Friday, August 26, 2005

Molly Peacock on Desire

Not long ago here on my blog I wrote that I wouldn't make a good Buddhist because I love desire too much. Part of me wrote that with regret because I envy the serenity and emotional/mental clarity many Buddhists seem to possess. And I felt a bit like a misfit: unlike some people, my interior life is kind of messy, cluttered, unsettled. Perhaps the clinical term for this is neurosis? Probably. After all, what's so hard about detachment, objectivity, sleeping with a Monarch butterfly or hungering without taking a bite?

For me, just about everything. I fall more into the categories of "she [who] couldn't marry well hurt and love and beautiful things" (Erica Check) or "she who [struggles to] reconcile the ill-matched threads of her life" (Rilke).

This morning, though, I discovered that I am not the only one who finds the so-called virtues of objectivity and orderliness both unattainable and, well, un-desirable.
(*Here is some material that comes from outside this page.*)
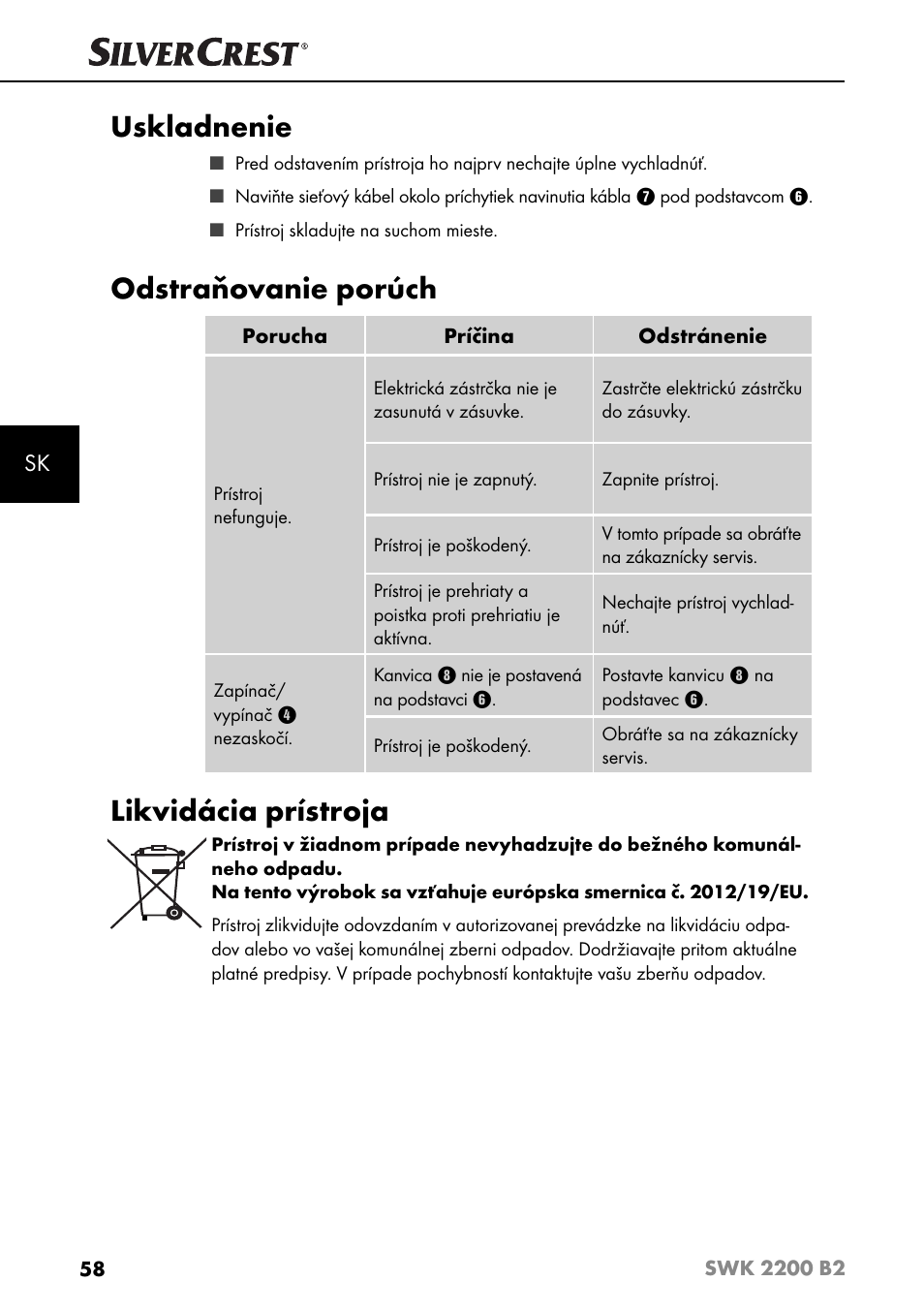 Uskladnenie, Odstraňovanie porúch, Likvidácia prístroja | Silvercrest SWK 2200 B2 User Manual | Page 61 / 76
I found a fellow neurotic/artist in poet Molly Peacock. The following is from her latest collection, Cornucopia...

Why I Am Not a Buddhist
I love desire, the state of want and thought
of how to get; building a kingdom in a soul
requires desire. I love the things I've sought
--you in your beltless bathrobe, tongues of cash that loll
from my billfold--and love what I want: clothes,
houses, redemption. Can a new mauve suit
equal God? Oh no, desire is ranked. To lose
a loved pen is not like losing faith. Acute
desire for nut gateau is driven out by death,
but the cake on its plate has meaning,
even when love is endangered and nothing matters.
For my mother, health; for my sister, bereft,
wholeness. But why is desire suffering?
Because want leaves a world in tatters?
How else but in tatters should a world be?
A columned porch set high above a lake.
Here, take my money. A loved face in agony,
the spirit gone. Here, use my rags of love.